世界中のF1ファンが、場合によってはリアルタイムで待っている中で、遅延なく安定してコンテンツを届けるのは「ミッションクリティカルだ」とLenovo Asia Pacific Solutions and Services Group, Executive Director and General ManagerのFan Ho氏はコメントしています。
あまり知名度のないスポーツだと世界大会の前にメディアなどがルールや見どころなどを詳しく紹介しています。ただ、モータースポーツの多くは既に一定の知名度があるせいか、詳しい人に向けたメディアと詳しいファンで盛り上がっているため、初心者にはハードルが高く見えてしまいます。

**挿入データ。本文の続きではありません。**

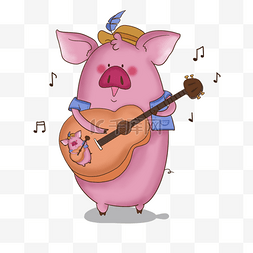 音符可爱音符图片_可爱的小猪乡村音乐家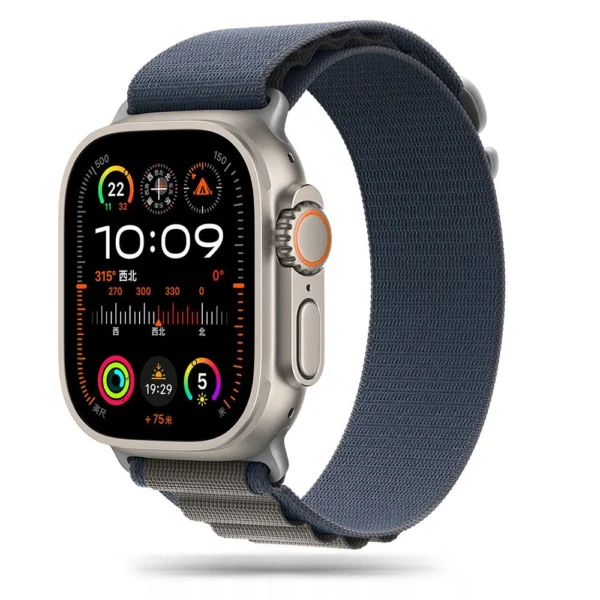 Tech-Protect Nylon Pro Strap for Apple Watch 4 / 5 / 6 / 7 / 8 / 9 / SE / Ultra 1 / 2 (42/44/45/49 mm) - Blue-Grayeng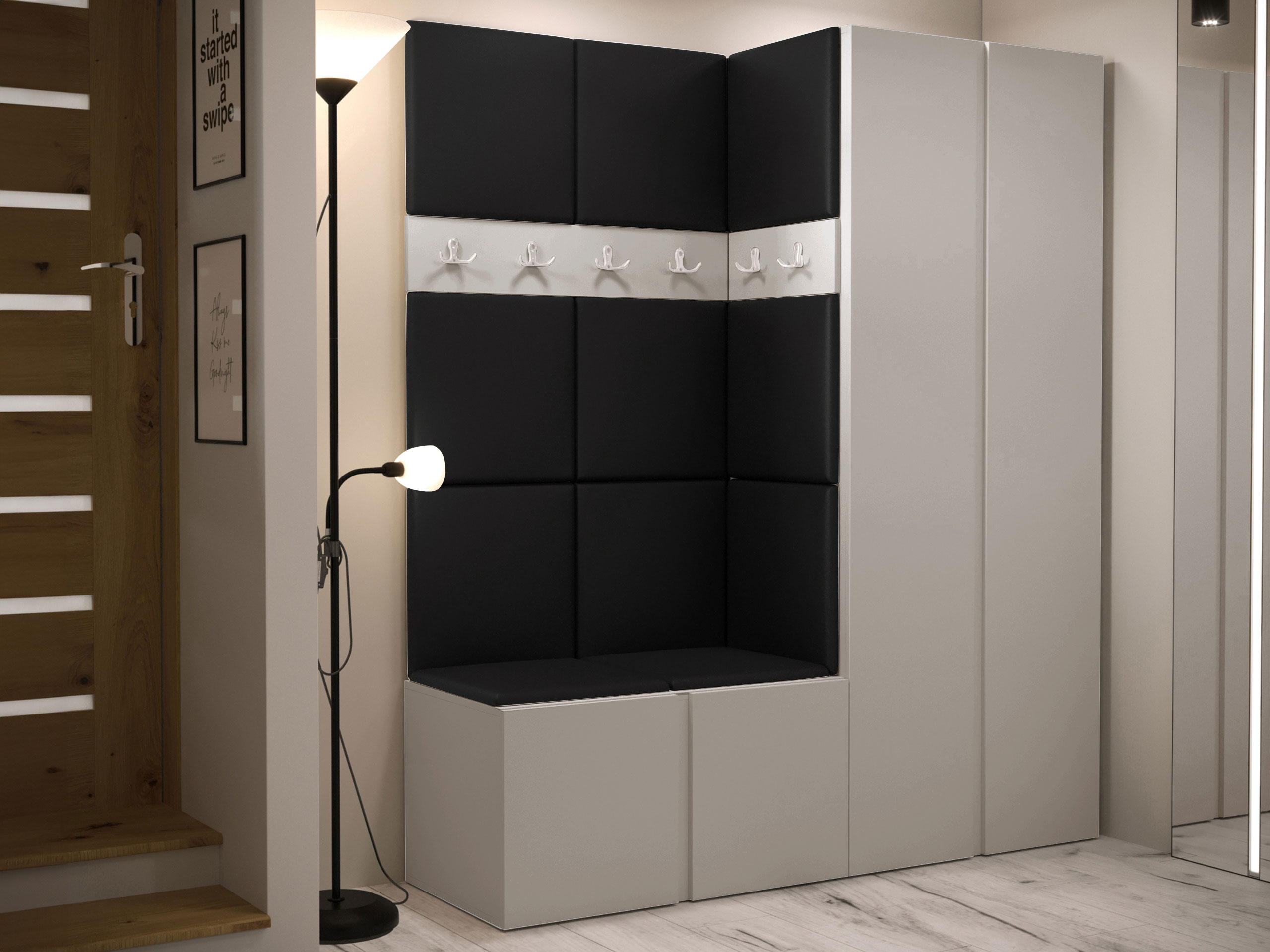 Meuble d'entrée Pinis III (Faux cuir Soft 011)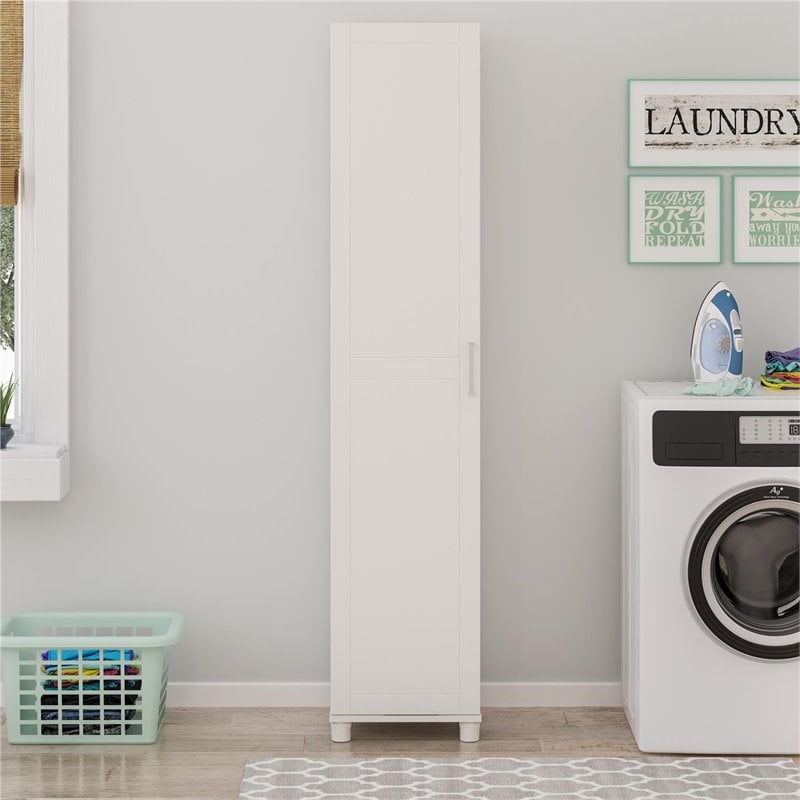 Bowery Hill Wood White Storage Cabinet Rectangular Waterproof 74.29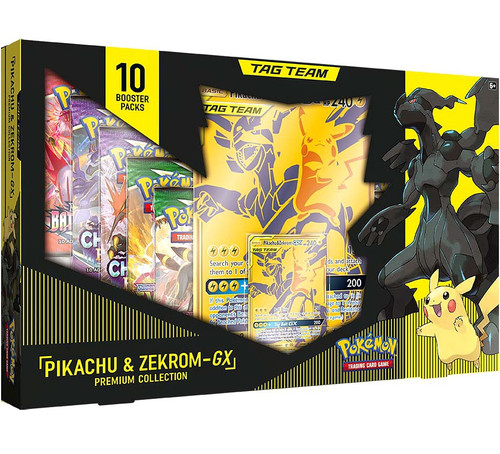 Pokemon Tag Team Tin Pikachu & Zekrom- TCG: Sun & Moon- Contains 4 Booster  Packs & Featuring 1 Special Art Pikachu & Zekrom-GX Foil Card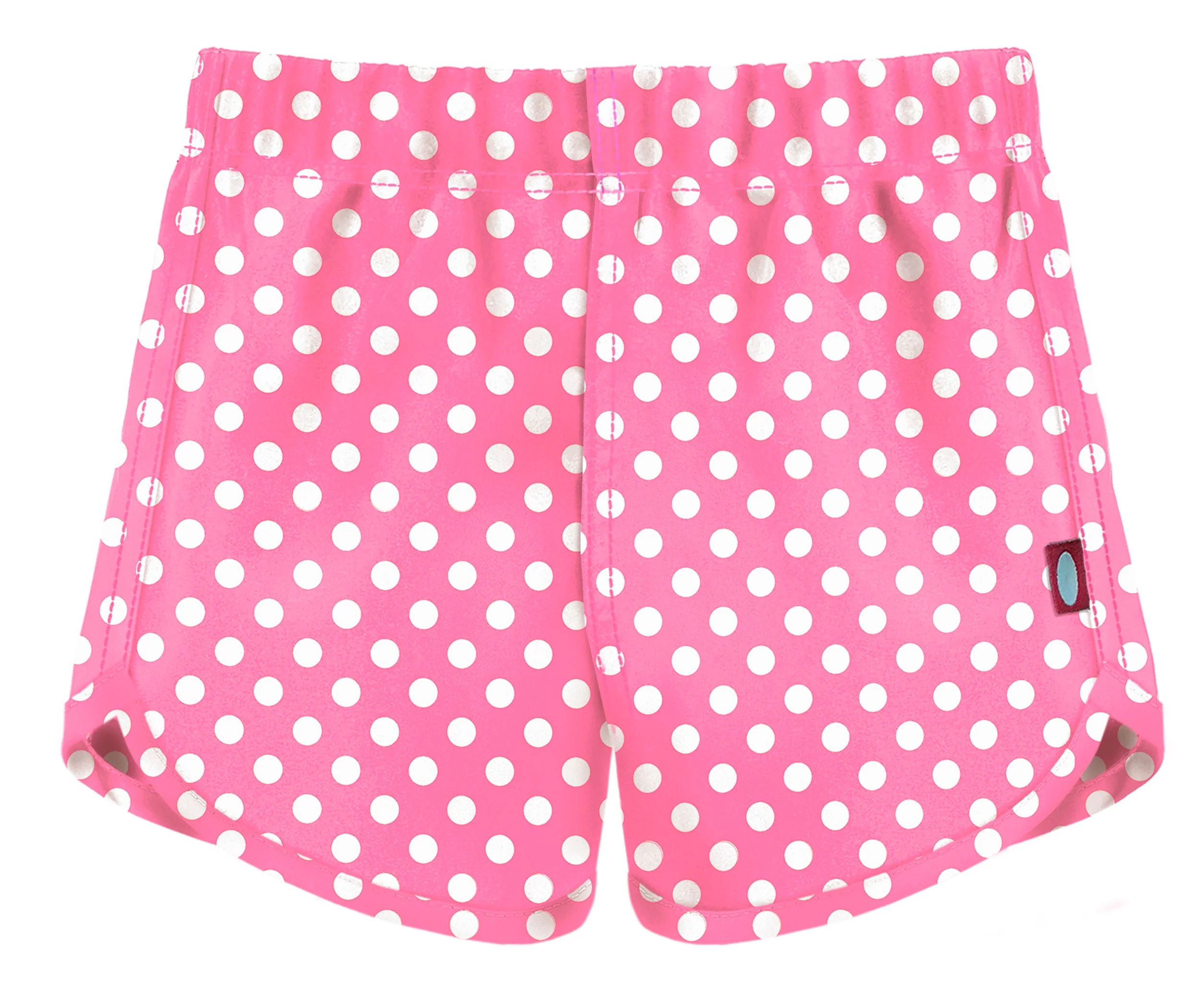 Girls UPF 50+ Recycled Poly Printed Swim Trunks | Pokadots Bubblegum - Remutear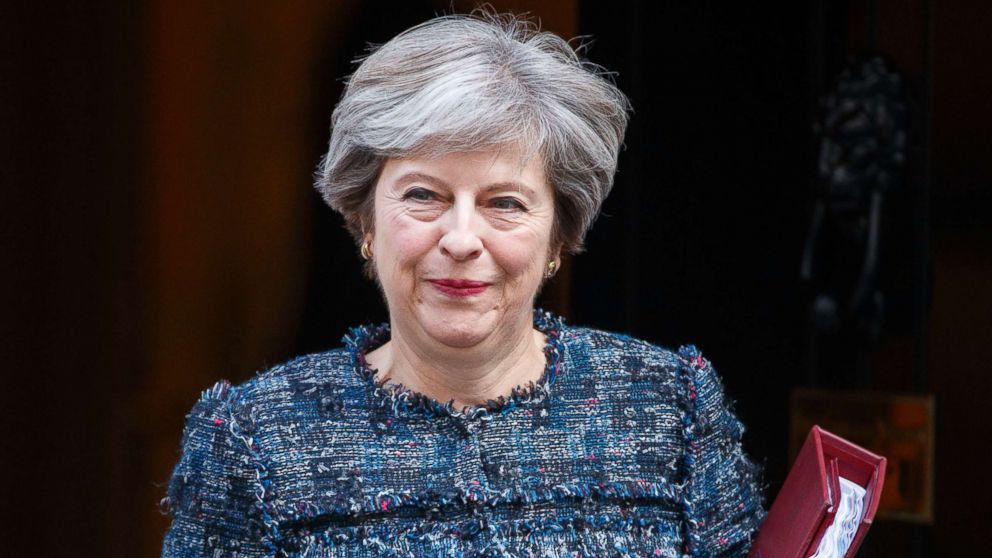 Britain's Prime Minister Theresa May leaves 10 Downing Street in central London, Sept. 13, 2017, on her way to the Houses of Parliament to speak at Prime Minister's Questions (PMQs).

しかし、きっかけや見せ方(魅せ方)さえ用意すれば、初心者であっても「すごい! かっこいい!」と盛り上がることができる懐の広さがあると思います。サーキットに行けばもちろん楽しいし、リアルタイムな配信や今後のAR/VR活用などによって行けなくても楽しめる方法も広がろうとしています。
また、“500TB”にはまだまだ使いこなす余地があります。LenovoでChief Marketing Officerを務めるEmily Ketchen氏は「今後もF1のテクニカルな部分でのパートナーシップを継続、拡大してどのようなニーズにも応えていきます」と述べています。どうやって、どんな風に楽しさを伝えていくか、自動車業界にとどまらないさまざまな協力の可能性がありそうですね。
過去のホンダのF1ファンからは「やっぱり買うならホンダのクルマがいいと思った」という話を聞いたことがあります。F1の技術と接点がない車種だとしても、「あのF1で頑張るホンダのクルマである」ということがうれしかったのだそうです。それなりによくできたモノが手ごろな価格で手に入る今、「このブランドがいい」と思う気持ちは薄れてもおかしくありません。F1にかかわる自動車メーカーが増えていく中で、どのようにファンづくりをしていくのか注目したいと思います。